Concern has grown in recent months over a possible collapse of Iraq's largest dam, which would unleash a wave that would devastate second city Mosul and flood much of the capital Baghdad.
The dam in northern Iraq was built on an unstable foundation that continuously erodes, and a lapse in required maintenance after the Islamic State jihadist group briefly seized it in 2014 weakened the already flawed structure.
"We have no specific information that indicates when a breach might occur," the US embassy said in a statement posted on its website late Sunday.
"But out of an abundance of caution, we would like to underscore that prompt evacuation offers the most effective tool to save lives of the hundreds of thousands of Iraqis living in the most dangerous part of the flood path in the event of a breach."
The embassy's overview of a breach scenario said 500,000 to 1.47 million Iraqis living in areas most exposed to the flood wave along the Tigris River would probably not survive if they were not evacuated.
People in Mosul and Tikrit would have to move five or six kilometres (3-3.5 miles) away from the riverbank to reach safety, it said.
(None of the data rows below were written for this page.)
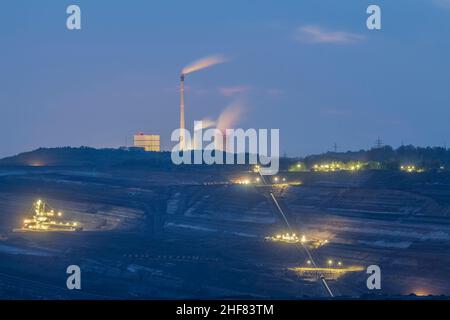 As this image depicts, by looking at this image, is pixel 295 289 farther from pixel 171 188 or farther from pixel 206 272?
pixel 171 188

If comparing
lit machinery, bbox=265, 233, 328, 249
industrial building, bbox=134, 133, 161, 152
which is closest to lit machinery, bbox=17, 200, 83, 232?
lit machinery, bbox=265, 233, 328, 249

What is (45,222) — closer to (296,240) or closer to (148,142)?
(296,240)

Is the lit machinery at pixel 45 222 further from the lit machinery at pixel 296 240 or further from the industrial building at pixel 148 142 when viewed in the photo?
the industrial building at pixel 148 142

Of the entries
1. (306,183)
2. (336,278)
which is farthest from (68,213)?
(336,278)

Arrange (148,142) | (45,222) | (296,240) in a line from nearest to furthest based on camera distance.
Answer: (296,240), (45,222), (148,142)

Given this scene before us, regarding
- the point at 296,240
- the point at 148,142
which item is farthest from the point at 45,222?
the point at 148,142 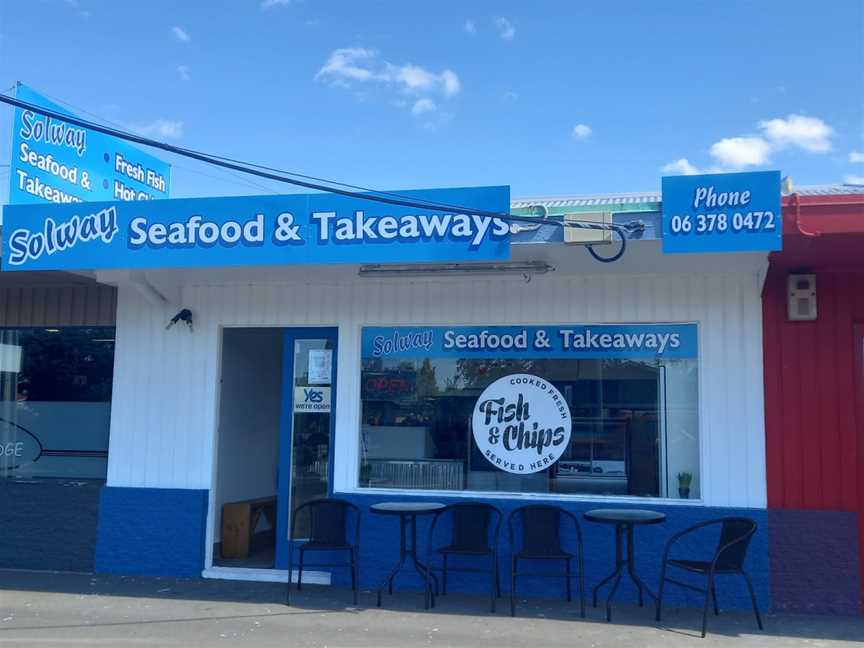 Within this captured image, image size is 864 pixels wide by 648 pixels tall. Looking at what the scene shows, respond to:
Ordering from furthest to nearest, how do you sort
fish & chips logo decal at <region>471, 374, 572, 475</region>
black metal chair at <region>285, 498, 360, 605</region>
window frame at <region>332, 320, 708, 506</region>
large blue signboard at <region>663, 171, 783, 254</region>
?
fish & chips logo decal at <region>471, 374, 572, 475</region> → black metal chair at <region>285, 498, 360, 605</region> → window frame at <region>332, 320, 708, 506</region> → large blue signboard at <region>663, 171, 783, 254</region>

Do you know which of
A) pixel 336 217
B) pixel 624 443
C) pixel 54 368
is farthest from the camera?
pixel 54 368

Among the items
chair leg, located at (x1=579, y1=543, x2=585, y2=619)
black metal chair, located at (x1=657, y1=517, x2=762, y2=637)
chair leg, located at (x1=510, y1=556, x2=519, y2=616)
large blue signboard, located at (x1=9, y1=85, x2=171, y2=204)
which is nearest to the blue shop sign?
black metal chair, located at (x1=657, y1=517, x2=762, y2=637)

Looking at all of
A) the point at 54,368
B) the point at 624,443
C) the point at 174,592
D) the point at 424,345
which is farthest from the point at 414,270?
the point at 54,368

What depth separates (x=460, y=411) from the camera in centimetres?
829

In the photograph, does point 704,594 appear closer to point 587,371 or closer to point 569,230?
point 587,371

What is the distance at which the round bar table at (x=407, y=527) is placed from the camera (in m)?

Residents living farther downstream in Samarra, where the flood wave could overwhelm a smaller dam and the water would spread out, would in some cases have to flee as far as 16 kilometres (10 miles).
The contingency plan said large parts of Baghdad would also be flooded, including the international airport.
It pointed out that many areas most affected by the flood wave are either controlled by IS or contested, making a state-directed evacuation unlikely.
"Some evacuees may not have freedom of movement sufficient to escape," it said, adding that the sick, disabled and elderly could end up being left behind.
The study said the disaster could shut down the entire Iraqi electricity grid, durably damage much of the country's best farmland and leave the capital flooded for weeks.
Italian firm Trevi has been selected to carry out crucial repair work on the Mosul Dam, which is currently protected by Kurdish peshmerga forces.
Iraq's minister of water resources has played down warnings that the Mosul Dam could collapse, saying there was only a "one in a thousand" chance of failure.